▸ **TASK TO CARRY OUT**
In this exercise, print only the lines from the line with "Borsa nera a" to the last line of the data below, inclusive. Any pictures should be left out.

Start of SOURCE MATERIAL

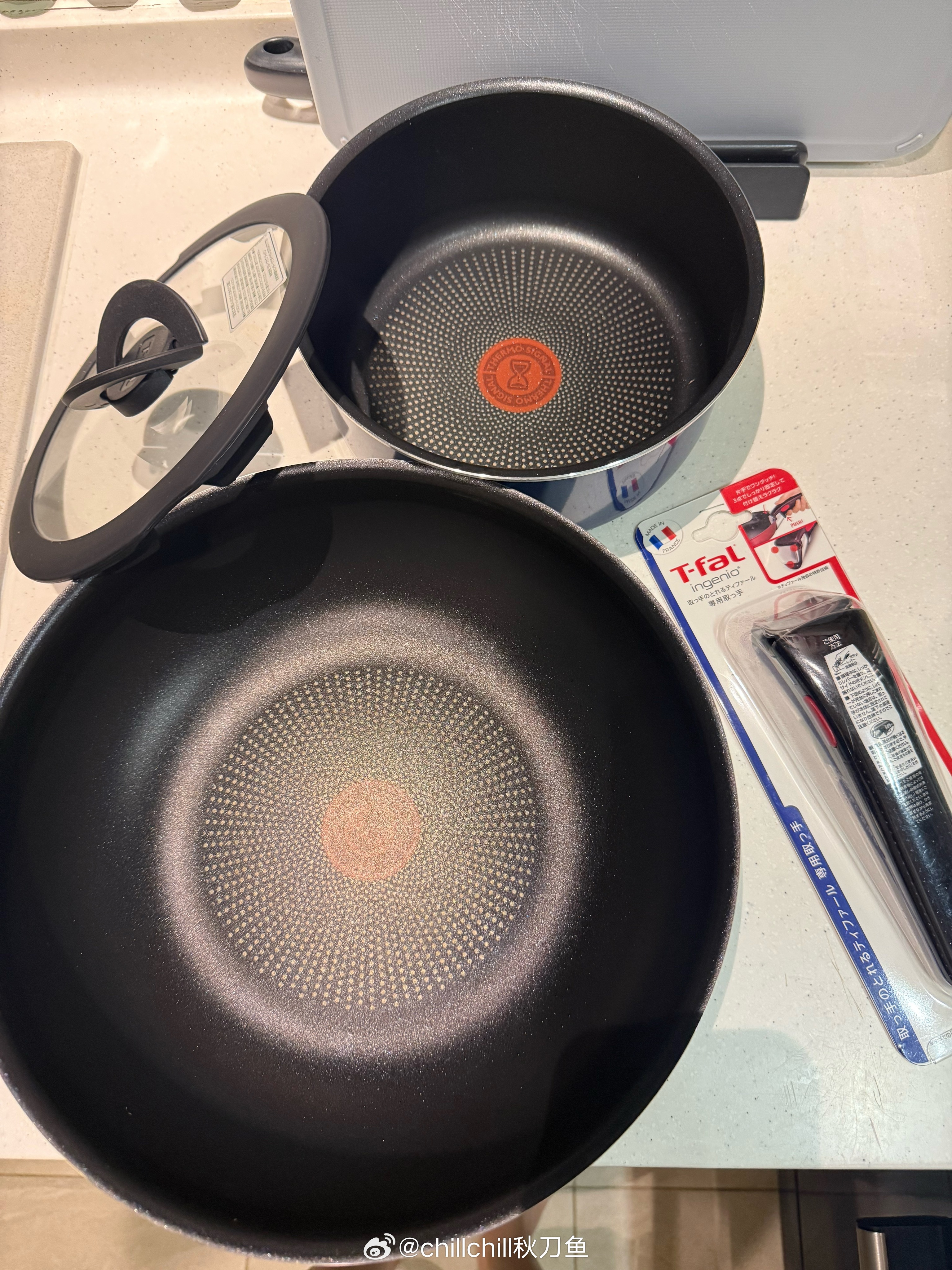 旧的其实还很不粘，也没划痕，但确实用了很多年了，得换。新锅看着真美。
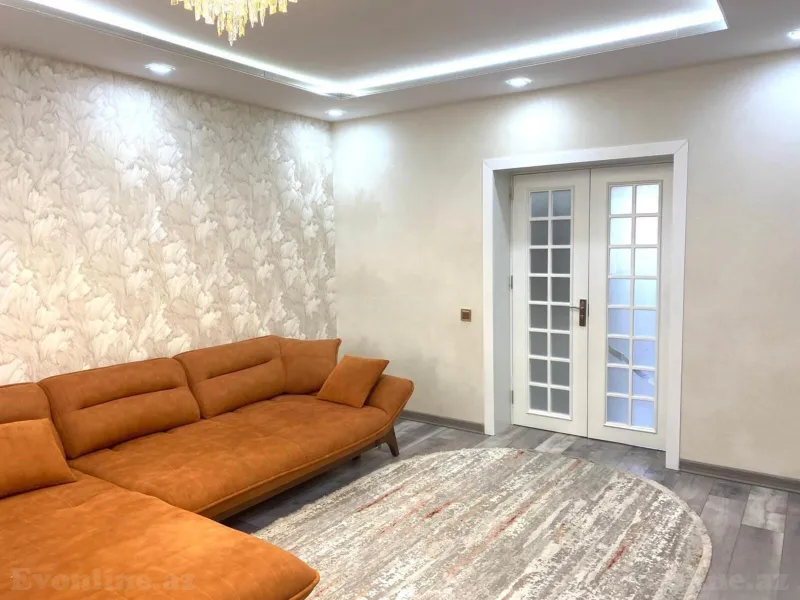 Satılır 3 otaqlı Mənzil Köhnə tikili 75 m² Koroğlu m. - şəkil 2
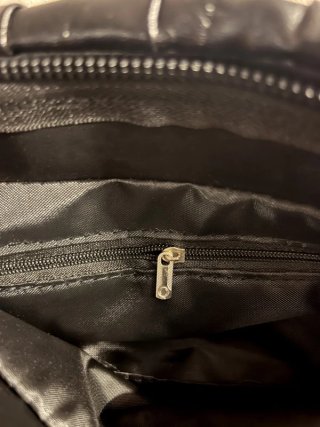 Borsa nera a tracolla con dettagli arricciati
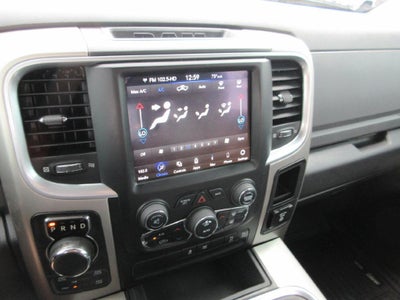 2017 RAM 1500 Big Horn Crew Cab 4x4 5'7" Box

End of SOURCE MATERIAL

▸ **EXERCISE RESULT**
 Borsa nera a tracolla con dettagli arricciati
 2017 RAM 1500 Big Horn Crew Cab 4x4 5'7" Box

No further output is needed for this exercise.